PolandPoland Rossini, The Barber of Seville: Soloists, Opera Krakówska Chorus and Orchestra / Tomasz Tokarczyk (conductor). Opera Krakówska, Kraków, 10.12.2021. (RP)

Robert Gierlach (Bartolo) (c) Andrzej Kalinowski

Director – Jerzy Stuhr
Sets – Natalia Kitamikado
Costumes – Joanna Klimas
Hairstyles – Jaga Hupało
Chorus master – Jacek Mentel
Stage movement designer – Katarzyna Aleksander-Kmieć
Lighting – Katarzyna Łuszczyk

Count Almaviva – Jarosław Bielecki
Bartolo – Robert Gierlach
Rosina – Monika Korybalska
Figaro – Łukasz Motkowicz
Don Basilio – Sebastian Marszałowicz
Fiorello – Michał Kutnik
Berta – Magdalena Barylak
Ambrogio – Wiesław Popiołek
Police – Jarosław Dijuk, Jan Migała
Notary – Jerzy Wójcik

There was something rather special about Opera Krakówska’s new production of Rossini’s The Barber of Seville for which director Jerzy Stuhr deserves most of the credit. With the deftest of touches, he turned the opera into an edgy battle of wits between Figaro and Doctor Bartolo, which Łukasz Motkowicz and Robert Gierlach made into a combat to relish.

The action was updated to the present day, but Stuhr didn’t venture far from the libretto in terms of the staging. For the first act, the grand parlor of Bartolo’s home sat above Figaro’s hair salon where customers came and went. The shop disappeared in Act II, and Bartolo’s parlor was front and center. A simple colonnade with a fountain in the Spanish Moorish style created an oasis of calm and, with that one structural element, the audience was transported to Seville.

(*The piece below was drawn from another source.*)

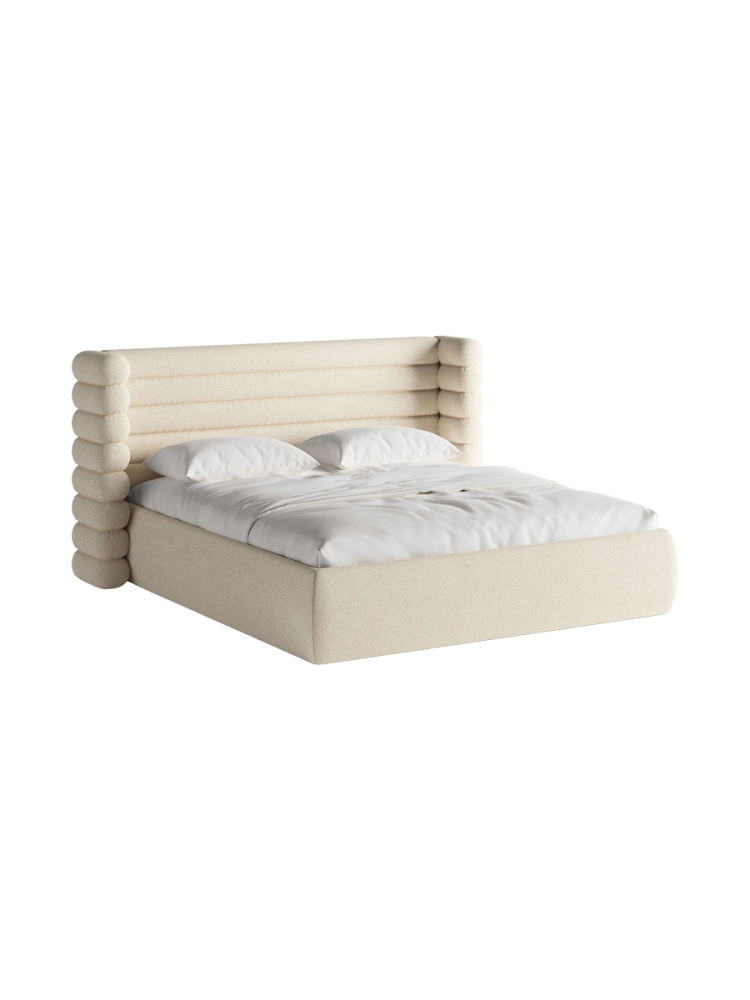 Design Polsterbett „Mount“ mit Ablagefach - Strukturstoff Light Beige Chosen by Bloomingloft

Stuhr didn’t pull any punches when it came to depicting Rosina’s plight: Bartolo had her locked in purdah to thwart any rivals. She first appeared encased in straps that brought to mind a medieval chastity belt and a stylized niqab that covered her from head to toe. During ‘Una voce poca fa’, Rosina managed to cast off her restraints and bend the bars of her cage. By the end of the opera, she was behind a screen with Almaviva doffing her clothes.

Łukasz Motkowicz (Figaro) (c) Andrzej Kalinowski

In Act I, the robust men’s chorus appeared as masked special forces in winter camouflage carrying automatic weapons as they accompanied Count Almaviva to Bartolo’s house, where he demanded to be billeted to be closer to Rosina. The men’s footwork was as impressive as their singing.

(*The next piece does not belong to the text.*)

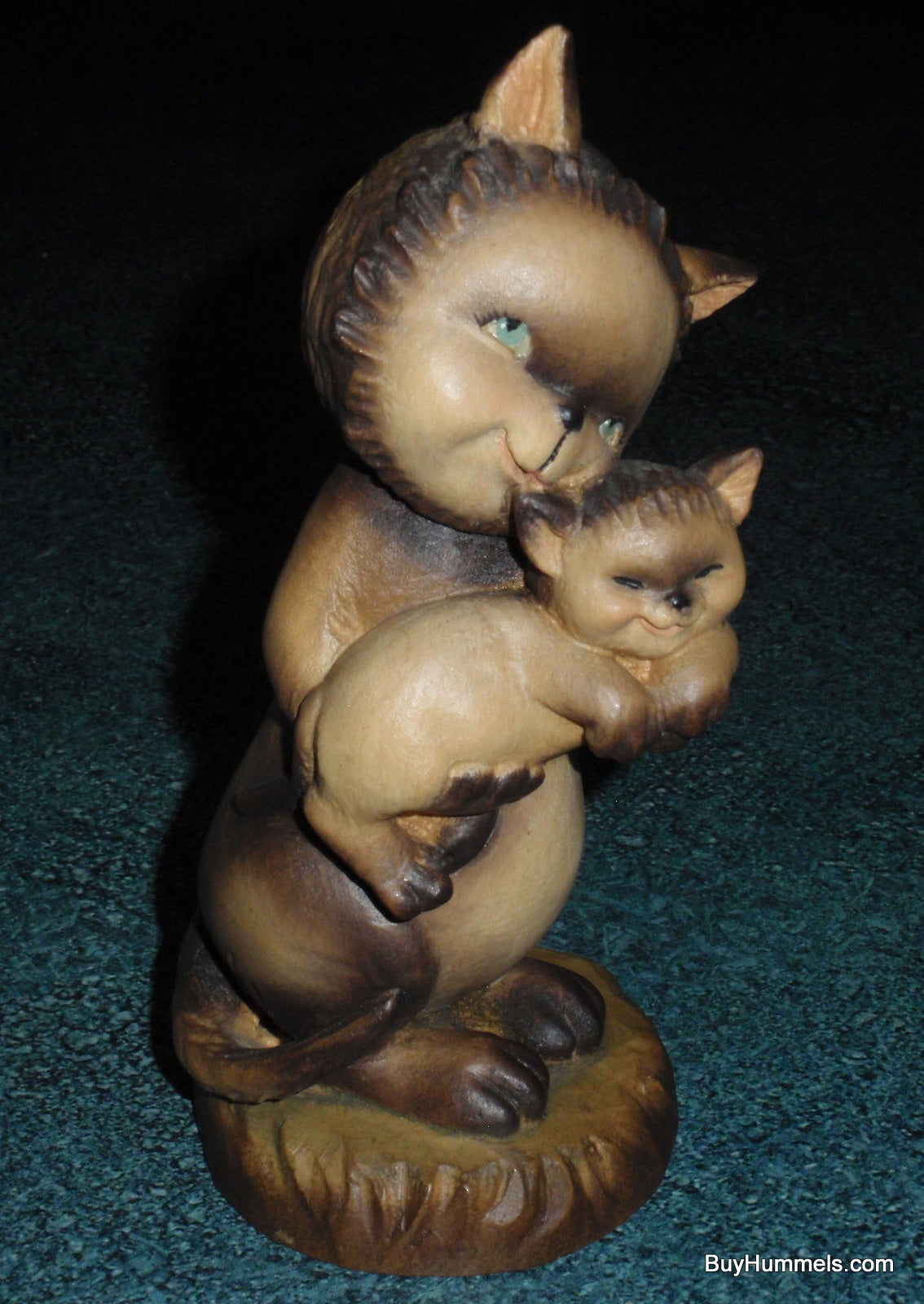 Tender Moments 6" Anri Ferrandiz Carved Wood Cat & Kitten Figurine Signed With Box!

In the final scene of the opera, they appeared as military-like police dressed in black when summoned by Bartolo to arrest Almaviva. When the men turned around, the letters on their backs spelled carabinieri, then just three letters – CBA – which prompted spontaneous laughter from the audience. The acronym stands for Centralne Biuro Antykorupcyjne, which translates to the Central Anticorruption Bureau.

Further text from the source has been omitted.